Are those all female?
And here is a question, since you breed fish:
What colors do you get? If I were to breed a red delta tail, and a teal/greenish veil tail female? Do they all come out different like that? Or are they all the same?!


----------



## Abby (Jan 13, 2011)

dt x vt will result in more vt babies (majority of babies i mean) 

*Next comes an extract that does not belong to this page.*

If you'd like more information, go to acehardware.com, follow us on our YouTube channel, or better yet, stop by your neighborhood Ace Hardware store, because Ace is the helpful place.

OP this is A BEAUTIFUL PICTURE!


----------



## carzz (Mar 8, 2011)

and what about color? will they all be the same? or will they come out different like yours?


----------



## Abby (Jan 13, 2011)

You prob wont get the quality and the colours because OP has show quality fish


----------



## carzz (Mar 8, 2011)

OP?


----------



## Abby (Jan 13, 2011)

original poster Martiansmommy


----------



## Martinismommy (Dec 2, 2010)

Thank you all for the kind words....I cracked up at the "Water puppies" comment lol

Actually, this is a tank full of males...They are only 7 weeks old and it is already time to start seperating them......They flare and chase each other already! Little brats lol.....


----------



## denaliwind (Feb 27, 2011)

Martinismommy said:


> Actually, this is a tank full of males...They are only 7 weeks old and it is already time to start seperating them......They flare and chase each other already! Little brats lol.....


Oh how funny! Must be like having a bunch of 2 year olds running around. XD


----------



## Sweeda88 (Dec 6, 2010)

SO CUTE! This is now my desktop background.


----------



## Martinismommy (Dec 2, 2010)

Awwwwwwwww I'm glad you like it!


----------



## LisaLB24 (Oct 26, 2010)

Cute!


----------



## 1fish2fish (Sep 10, 2009)

Water puppies... LOL.. I'm calling my babies that from now on.


----------



## BlakbirdxGyarados (Feb 10, 2011)

Wow, beautiful!
And so small and CUTE!  <3

And @1f2f, I'm doing that too. That's funny. xD


----------



## BlackberryBetta (Feb 6, 2011)

Those are absolutely beautiful! I want one! Love it!


----------



## NIB BETTA (Apr 21, 2010)

I love your pictures. The colors are amazing.


----------



## Luimeril (Dec 29, 2010)

you have some beautiful babies there. :3


----------



## reaper0325 (Nov 23, 2010)

Wowwwww!! Beautiful!


----------



## Slipstitch (Feb 19, 2011)

Omg SO CUTE! ^_^ Absolutely adoreable!


----------



## kathstew (Feb 23, 2011)

That is the cutest picture I have ever seen! They are gorgeous! I LOVE their colors! Can't wait to see more pictures as they grow up!


----------